Records provided
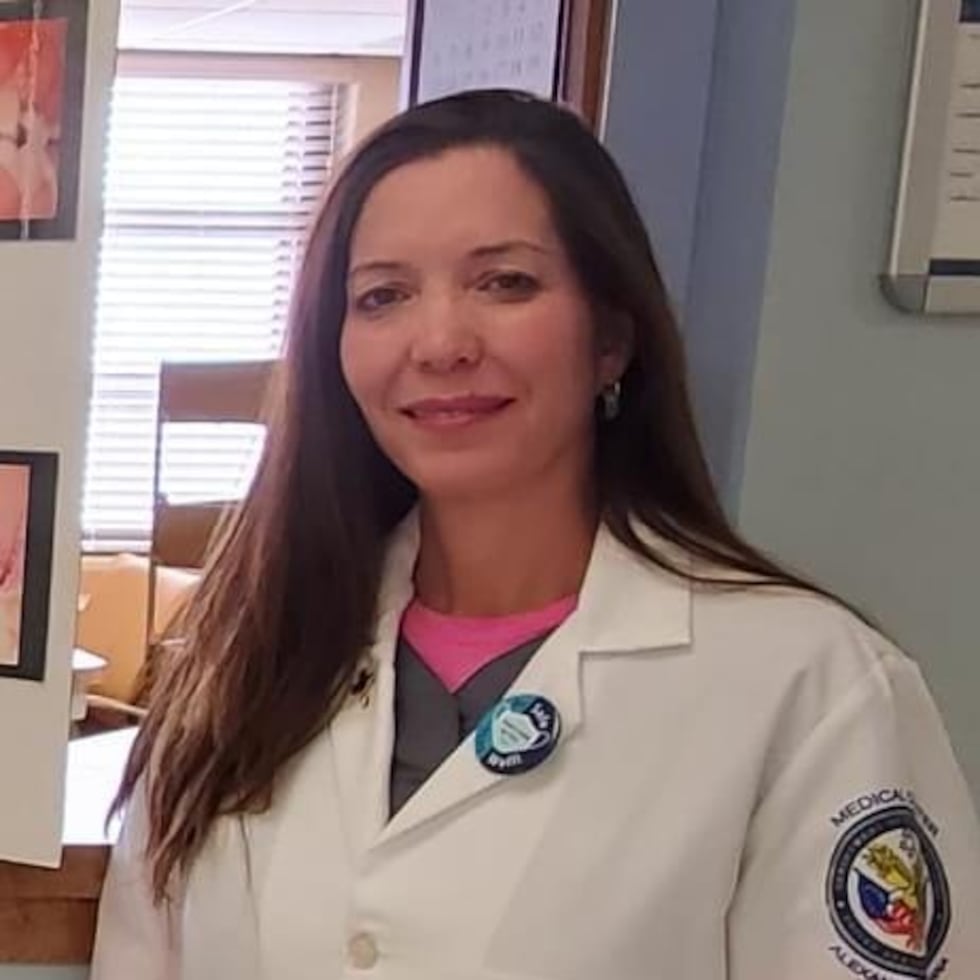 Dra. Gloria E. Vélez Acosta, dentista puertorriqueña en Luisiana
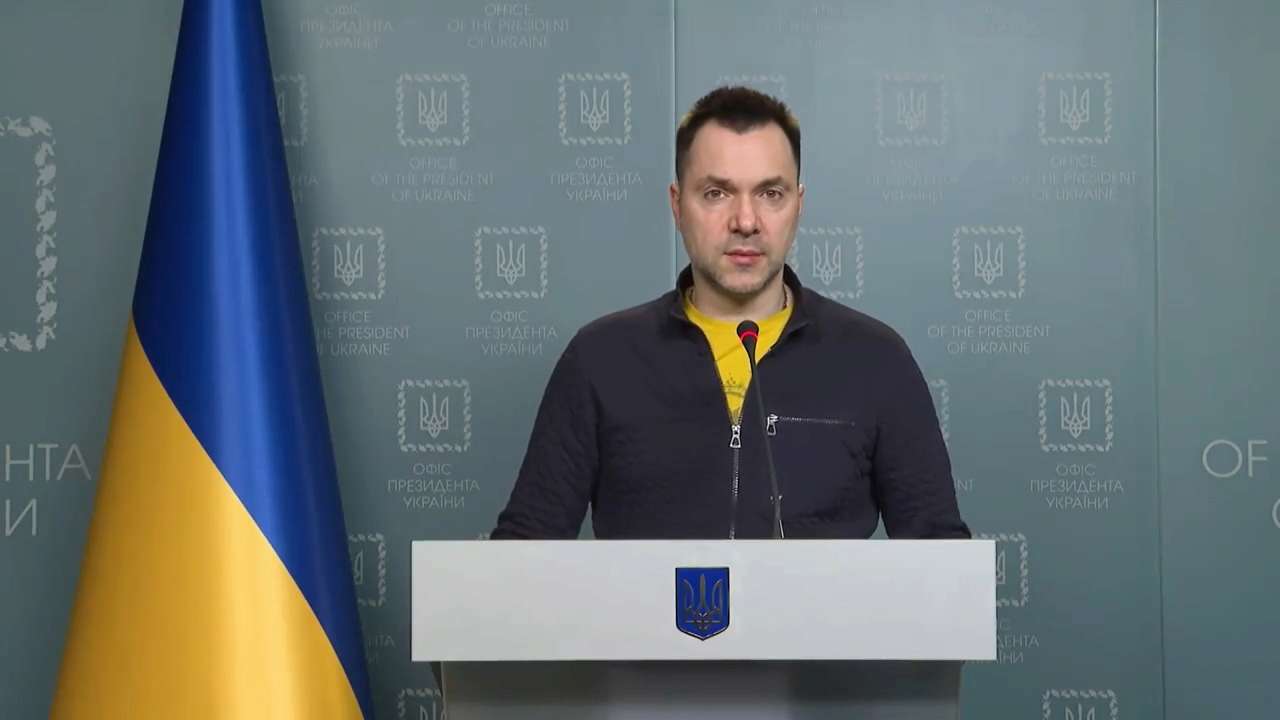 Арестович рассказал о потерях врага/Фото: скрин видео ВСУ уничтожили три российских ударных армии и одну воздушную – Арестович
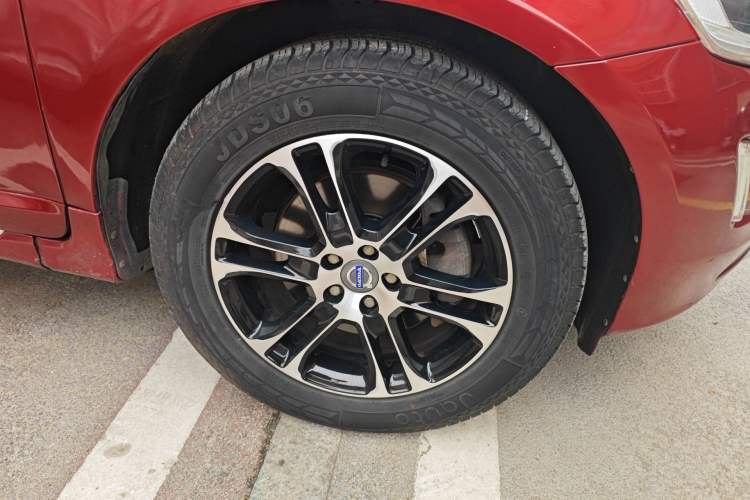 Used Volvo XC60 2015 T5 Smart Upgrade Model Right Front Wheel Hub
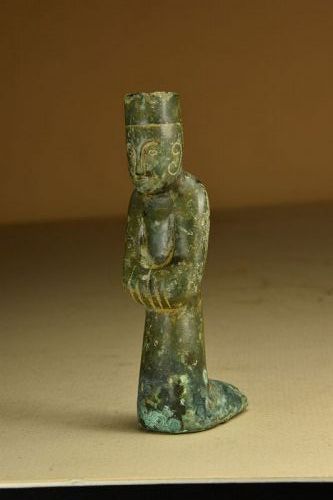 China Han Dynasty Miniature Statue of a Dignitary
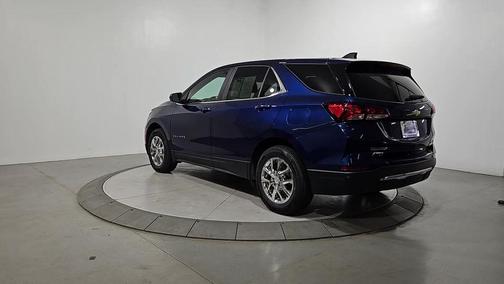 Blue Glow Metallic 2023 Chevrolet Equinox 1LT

What you should do
Looking at the records above, extract only the lines from the one with "China Han Dynasty" through the last line, exactly, with the pictures left out.

Response to the exercise
 China Han Dynasty Miniature Statue of a Dignitary
 Blue Glow Metallic 2023 Chevrolet Equinox 1LT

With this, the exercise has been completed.